Data for analysis –
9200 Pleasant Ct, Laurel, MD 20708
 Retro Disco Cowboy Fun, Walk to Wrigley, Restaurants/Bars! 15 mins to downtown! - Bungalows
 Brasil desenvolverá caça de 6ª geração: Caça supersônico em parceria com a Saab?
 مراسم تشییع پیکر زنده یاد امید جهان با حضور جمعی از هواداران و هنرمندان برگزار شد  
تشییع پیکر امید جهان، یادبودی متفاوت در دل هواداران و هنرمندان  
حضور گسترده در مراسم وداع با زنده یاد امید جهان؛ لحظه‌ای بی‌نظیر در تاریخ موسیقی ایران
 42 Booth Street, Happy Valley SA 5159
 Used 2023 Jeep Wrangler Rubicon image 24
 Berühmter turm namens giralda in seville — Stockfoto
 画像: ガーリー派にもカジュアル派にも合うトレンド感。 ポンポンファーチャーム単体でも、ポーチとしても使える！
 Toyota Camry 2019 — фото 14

What is being asked – Every line in the data above that includes the word "هنرمندان" should be copied.

Task result –
 مراسم تشییع پیکر زنده یاد امید جهان با حضور جمعی از هواداران و هنرمندان برگزار شد  
تشییع پیکر امید جهان، یادبودی متفاوت در دل هواداران و هنرمندان  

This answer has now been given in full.